OpenAI Is Not Training on Your Dropbox Documents—Today

There’s a rumor flying around the Internet that OpenAI is training foundation models on your Dropbox documents.

Here’s CNBC. Here’s Boing Boing. Some articles are more nuanced, but there’s still a lot of confusion.

It seems not to be true. Dropbox isn’t sharing all of your documents with OpenAI. But here’s the problem: we don’t trust OpenAI. We don’t trust tech corporations. And—to be fair—corporations in general. We have no reason to.

Simon Willison nails it in a tweet:

“OpenAI are training on every piece of data they see, even when they say they aren’t” is the new “Facebook are showing you ads based on overhearing everything you say through your phone’s microphone.”

Willison expands this in a blog post, which I strongly recommend reading in its entirety. His point is that these companies have lost our trust:

Trust is really important. Companies lying about what they do with your privacy is a very serious allegation.

A society where big companies tell blatant lies about how they are handling our data—­and get away with it without consequences­—is a very unhealthy society.

A key role of government is to prevent this from happening. If OpenAI are training on data that they said they wouldn’t train on, or if Facebook are spying on us through our phone’s microphones, they should be hauled in front of regulators and/or sued into the ground.

If we believe that they are doing this without consequence, and have been getting away with it for years, our intolerance for corporate misbehavior becomes a victim as well. We risk letting companies get away with real misconduct because we incorrectly believed in conspiracy theories.

Privacy is important, and very easily misunderstood. People both overestimate and underestimate what companies are doing, and what’s possible. This isn’t helped by the fact that AI technology means the scope of what’s possible is changing at a rate that’s hard to appreciate even if you’re deeply aware of the space.

If we want to protect our privacy, we need to understand what’s going on. More importantly, we need to be able to trust companies to honestly and clearly explain what they are doing with our data.

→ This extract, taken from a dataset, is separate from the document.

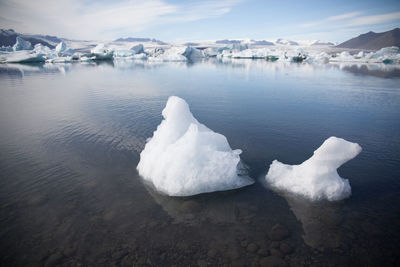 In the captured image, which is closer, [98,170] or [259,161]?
[98,170]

On a personal level we risk losing out on useful tools. How many people cancelled their Dropbox accounts in the last 48 hours? How many more turned off that AI toggle, ruling out ever evaluating if those features were useful for them or not?

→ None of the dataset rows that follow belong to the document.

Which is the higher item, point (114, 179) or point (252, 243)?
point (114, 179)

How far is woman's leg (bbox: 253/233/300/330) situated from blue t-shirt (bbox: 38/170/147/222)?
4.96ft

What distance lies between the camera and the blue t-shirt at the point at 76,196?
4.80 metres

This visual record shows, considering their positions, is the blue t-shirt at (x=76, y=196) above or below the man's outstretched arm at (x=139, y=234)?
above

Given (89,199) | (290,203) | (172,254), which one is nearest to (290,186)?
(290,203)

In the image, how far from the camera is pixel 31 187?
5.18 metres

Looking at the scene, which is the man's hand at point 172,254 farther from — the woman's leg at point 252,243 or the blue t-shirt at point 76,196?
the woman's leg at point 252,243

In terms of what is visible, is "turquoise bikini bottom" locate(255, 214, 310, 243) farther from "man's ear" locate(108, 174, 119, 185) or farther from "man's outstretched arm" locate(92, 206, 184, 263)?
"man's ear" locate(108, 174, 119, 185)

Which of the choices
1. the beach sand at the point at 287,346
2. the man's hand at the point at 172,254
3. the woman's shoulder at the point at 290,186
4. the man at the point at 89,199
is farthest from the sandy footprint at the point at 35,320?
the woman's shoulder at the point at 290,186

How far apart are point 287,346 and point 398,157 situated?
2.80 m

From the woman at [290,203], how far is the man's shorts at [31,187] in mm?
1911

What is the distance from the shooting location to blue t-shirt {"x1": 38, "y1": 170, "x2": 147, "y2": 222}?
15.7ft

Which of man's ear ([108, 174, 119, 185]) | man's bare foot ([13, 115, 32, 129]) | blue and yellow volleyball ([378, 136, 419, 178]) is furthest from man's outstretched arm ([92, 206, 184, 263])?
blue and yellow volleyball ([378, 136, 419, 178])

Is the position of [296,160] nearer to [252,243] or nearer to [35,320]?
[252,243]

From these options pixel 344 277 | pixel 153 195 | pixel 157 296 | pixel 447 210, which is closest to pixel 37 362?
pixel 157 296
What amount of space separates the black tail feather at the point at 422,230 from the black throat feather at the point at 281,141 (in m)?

And while Dropbox is not sending your data to OpenAI today, it could do so tomorrow with a simple change of its terms of service. So could your bank, or credit card company, your phone company, or any other company that owns your data. Any of the tens of thousands of data brokers could be sending your data to train AI models right now, without your knowledge or consent. (At least, in the US. Hooray for the EU and GDPR.)

Or, as Thomas Claburn wrote:

“Your info won’t be harvested for training” is the new “Your private chatter won’t be used for ads.”

These foundation models want our data. The corporations that have our data want the money. It’s only a matter of time, unless we get serious government privacy regulation.